Created attachment 786189 [details] mcollective log for deconfigure operation Description of problem: Applications are sometimes halfway created - when this occurs, the deconfigure operation throws rescues: E, [2013-08-12T23:01:51.094286 #3760] ERROR -- : openshift.rb:302:in `rescue in with_container_from_args' User does not exist in cgroups: 5207709d5973cad178000078 User does not exist in cgroups: 5207709d5973cad178000078 E, [2013-08-12T23:01:51.236228 #3760] ERROR -- : openshift.rb:963:in `rescue in has_app_cartridge_action' can't find user for 5207709d5973cad178000078 {"--with-app-uuid"=>"5207709d5973cad178000078", "--with-container-uuid"=>"5207709d5973cad178000078", Version-Release number of selected component (if applicable): rubygem-openshift-origin-node-1.12.10-1.el6oso.noarch How reproducible: sometimes Steps to Reproduce: 1. Wait for an application to be halfway created 2. Review mocllecitve logs Actual results: Application is left on the node Expected results: Application should be removed Additional info: see attached logfile
Could you elaborate on what you mean by 'Applications are sometimes halfway created'? Is there a way to reproduce this error?
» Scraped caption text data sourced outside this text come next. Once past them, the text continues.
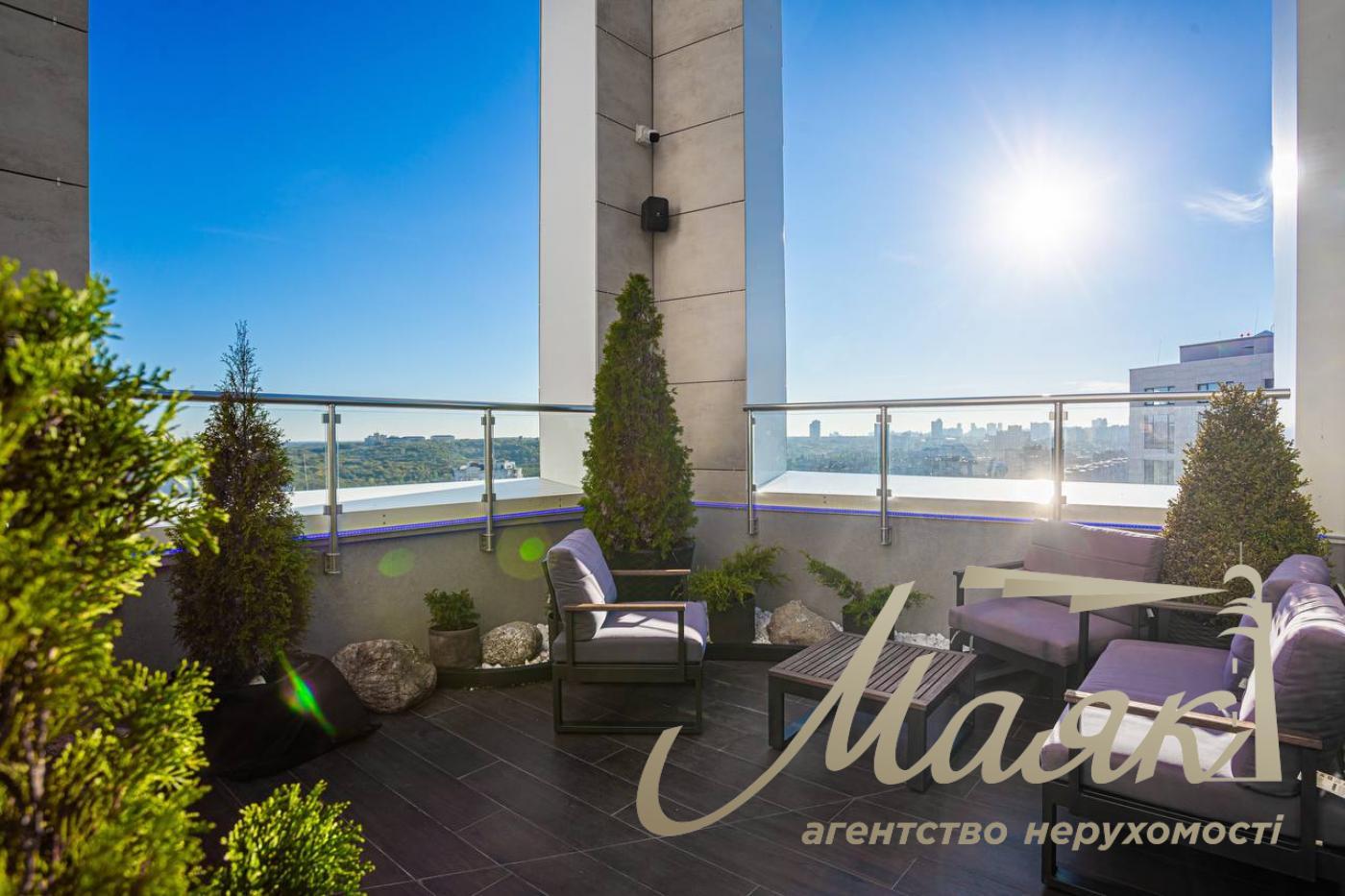 Продаж пентхауса 195 м² з терасою та дизайнерським ремонтом у ЖК Park Avenue VIP, Київ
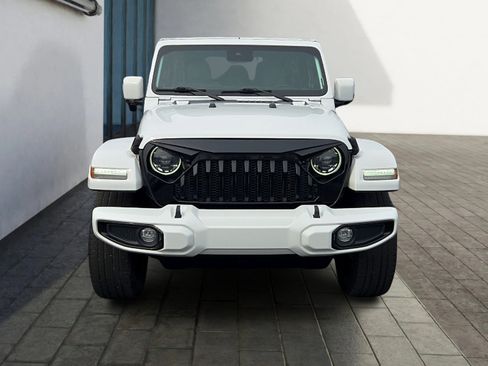 Used 2023 Jeep Wrangler Unlimited Sahara AWD/4WD image 8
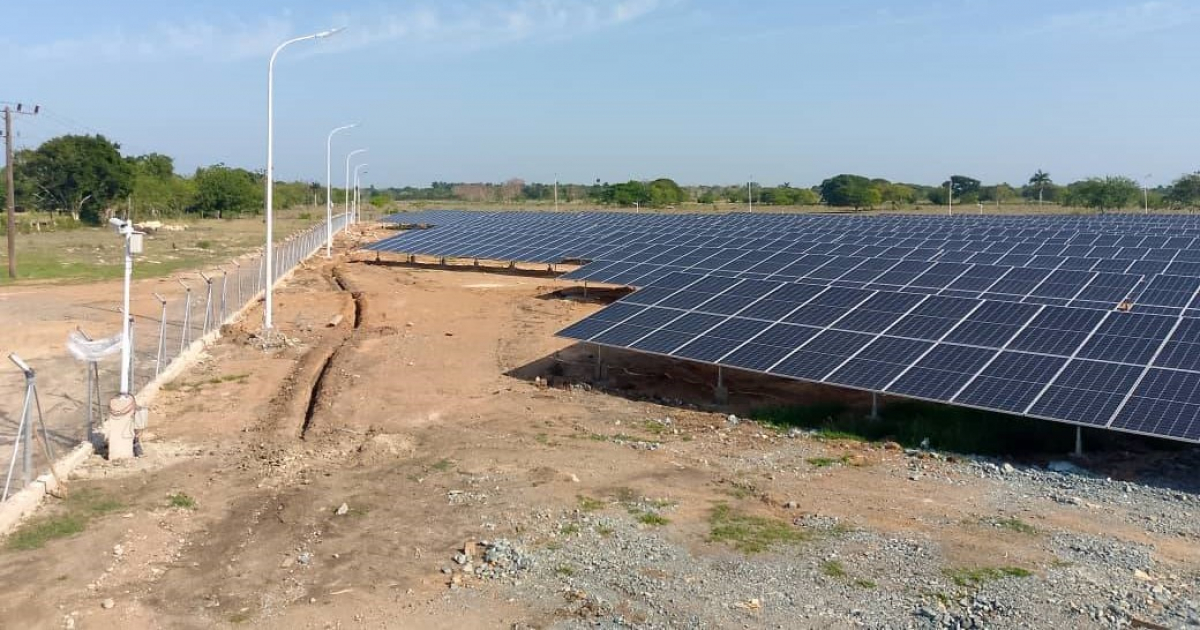 Parque fotovoltaico en Villa Clara donado por China © Unión Eléctrica UNE / Facebook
Even if it is not reliably reproducible, it is better than guessing what you might have done when you saw this error. The first sign of problem is not the quoted part. It is here: E, [2013-08-12T23:01:27.193240 #3760] ERROR -- : openshift.rb:302:in `rescue in with_container_from_args' CLIENT_ERROR: Unexpected error: User does not exist in cgroups: 5207709d5973cad178000078 CLIENT_ERROR: Unexpected error: User does not exist in cgroups: 5207709d5973cad178000078 {"--with-app-uuid"=>"5207709d5973cad178000078", "--with-container-uuid"=>"5207709d5973cad178000078", The subsequent operations involving this user, including "deconfigure", would thus fail. We need to figure out why the user doesn't exist. After this is observed, what sort of state is the application in? Does it exist? If so, can it be removed?
Sten, Have you had a chance to look at this?
This bz can be closed, we haven't been able to reproduce at all. If it re-occurs, we'll open a new bz.